Twenty years ago, in 1994, Campbell et al. [34] reported a complication rate after open PN of 37 % for symptomatic tumors and of 22 % for incidental tumors. Van Poppel et al. [35] compared the complication rate of elective open NSS surgery and RN for low stage, incidentally detected, solitary, small (<5 cm) RCCs in a prospective study in the presence of a normal contralateral kidney concluding that NSS can be performed safely in this patient group with slightly higher complication rates after RN. Stephenson et al. [36] stated that either tumor size, tumor location (central vs. polar) or imperative versus elective indication were associated with complications of PN, while at multivariate analysis operative timed solitary kidney were significantly associated with procedure-related complications of PN.

Published data from patients with tumors >4 cm identify a 12 % rate of surgical complication rate of surgical complications and a 5 % rate of urinary fistula for OPN; complication rates for laparoscopic series appear to range from 20 to 37 % with a urinary fistula rate of 7 %. This appear comparable with the single study of robot-assisted PN for tumors >4 cm that cites a urinary fistula of 5 % [36, 37]. On the other hand, considering renal function, at 6–12 months, open PN has a significantly lower creatinine level compared with laparoscopic radical nephrectomy patients [38]. This information must be given to patients when they are informed about the short-term risks of the two different approaches.

Open versus laparoscopic partial nephrectomy

Laparoscopic PN (LPN) for renal cancer was introduced in 1993 [39] but remained controversial until approximately a decade later, when larger series with long follow-up showed the oncologic safety of the laparoscopic approach and the possibility to duplicate the open PN technique [40, 41].

Nevertheless, owing to its technical difficulty and steep learning curve, LPN remained restricted mostly to reference centers.
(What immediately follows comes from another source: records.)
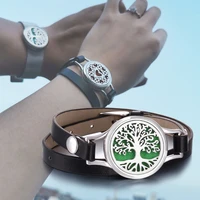 new aroma diffuser bracelet aromatherapy essential oil diffuser locket bracelets adjustable genuine leather wrap bracelet women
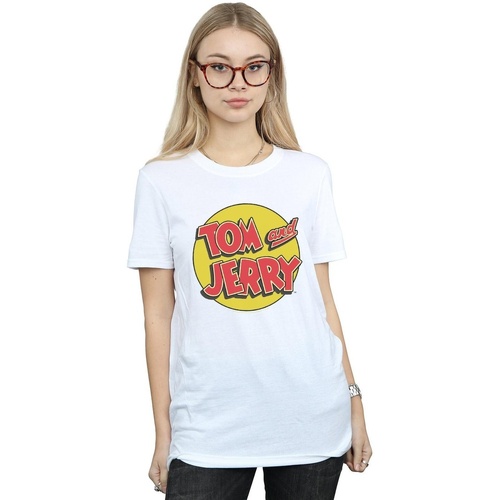 textil Mujer Camisetas manga larga Dessins Animés Circle Logo Blanco
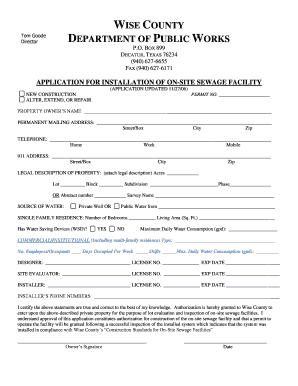 Wise County Septic Permit  Form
Several studies have alluded to the prolonged learning curve of LPN, especially in comparison with the relative ease of laparoscopic radical nephrectomy [15, 42]. Thus, the rise in LPN appeared offset by a concomitant rise in LPN. The relatively slower uptake of LPN likely reflects the substantial technical expertise (i.e., hilar clamping, intracorporeal suturing) required to perform complex surgery [43]. Laparoscopy can duplicate the results of most open surgeries: Some previous studies showed that LPN was associated with less postoperative analgesic requirement, earlier hospital discharge and more rapid convalescence. However, the major challenges for the laparoscopic surgeon performing LPN are hemostasis, longer operative time and the avoidance of ischemic damage. For these reasons, LPN continues to be performed in a minority of centers. Major concerns against LPN obviously regard complications, including (a) bowel injury, (b) bleeding, (c) tumor spillage, and (d) increased ischemia time [4446]. Bowel injury during LPN is one of the most feared complications as high as 0.8 % due to thermal damage (50 %) and traumatic access (32 %) [47]. Unfortunately, the majority of bowel injuries are not recognized intraoperative becoming evident in the postoperative period only, usually after an uneventful course as peritonitis. Bleeding during LPN is a major issue although improved surgical techniques and skills together with the use of new hemostatic sealants such as fibrin glue-coated collagen patch, which contains purely human coagulation factor components, can be helpful to minimize this risk [48]. The risk of tumor spillage at port sites was initially suspected in the first era of LPN, luckily not confirmed [49]. The detrimental effect of warm ischemia on renal function has long been recognized. Traditionally, 30 min of warm ischemia has been considered to be the maximum ischemic insult a normal kidney can be exposed to without permanent loss of function [50].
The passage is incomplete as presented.